*Source data*:
--

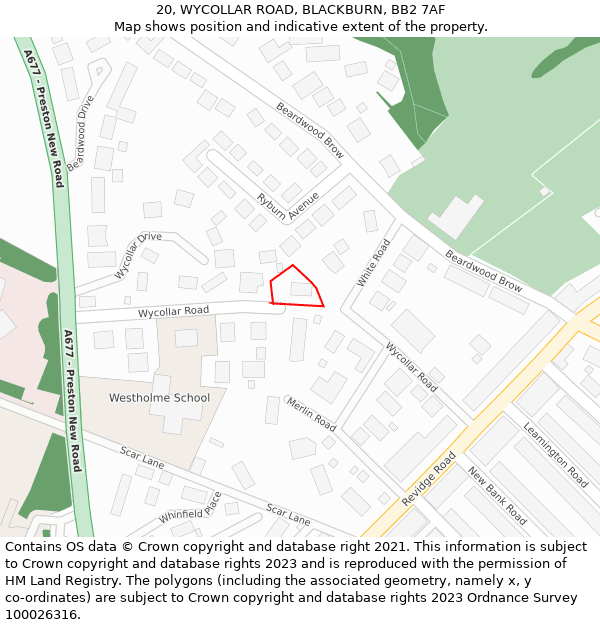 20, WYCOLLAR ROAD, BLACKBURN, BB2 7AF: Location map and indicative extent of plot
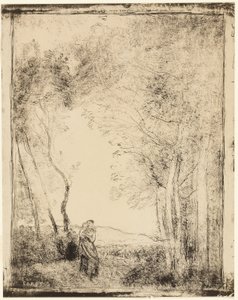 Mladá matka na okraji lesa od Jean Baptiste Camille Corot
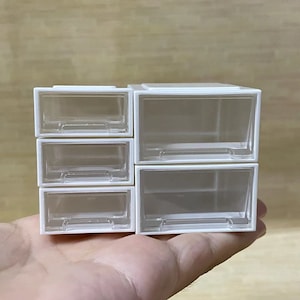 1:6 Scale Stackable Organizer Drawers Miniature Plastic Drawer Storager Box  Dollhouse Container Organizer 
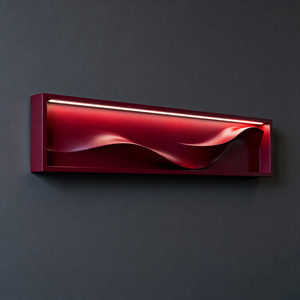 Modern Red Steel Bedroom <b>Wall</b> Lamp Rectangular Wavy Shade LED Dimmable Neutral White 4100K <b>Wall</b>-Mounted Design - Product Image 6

--

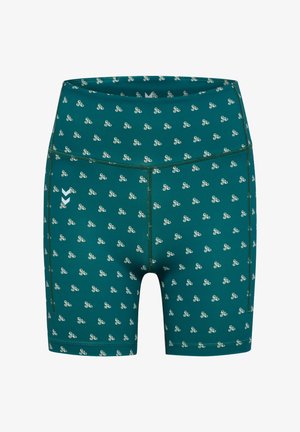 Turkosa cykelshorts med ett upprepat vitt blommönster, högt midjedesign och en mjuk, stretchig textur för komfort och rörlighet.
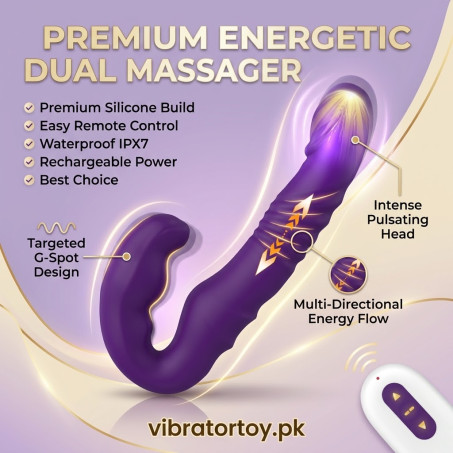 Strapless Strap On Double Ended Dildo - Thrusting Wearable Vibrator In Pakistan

--

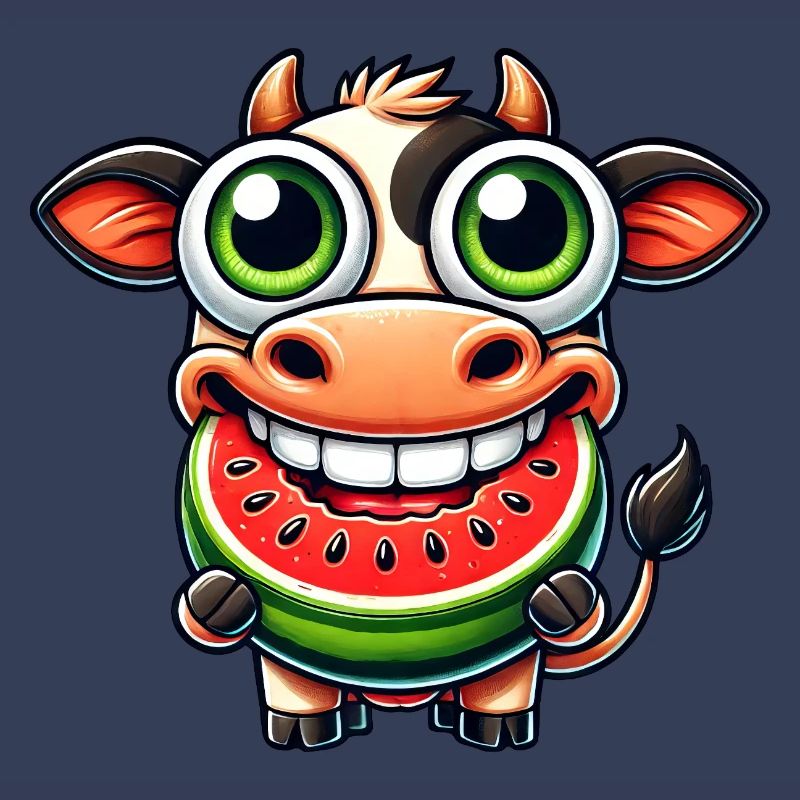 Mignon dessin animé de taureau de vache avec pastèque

--

*Your objective*: "1:6 Scale Stackable" marks the first line to copy, and "Modern Red Steel" marks the last. Repeat that stretch above exactly, with no pictures.

*Answer to the problem*:
 1:6 Scale Stackable Organizer Drawers Miniature Plastic Drawer Storager Box  Dollhouse Container Organizer 
 Modern Red Steel Bedroom <b>Wall</b> Lamp Rectangular Wavy Shade LED Dimmable Neutral White 4100K <b>Wall</b>-Mounted Design - Product Image 6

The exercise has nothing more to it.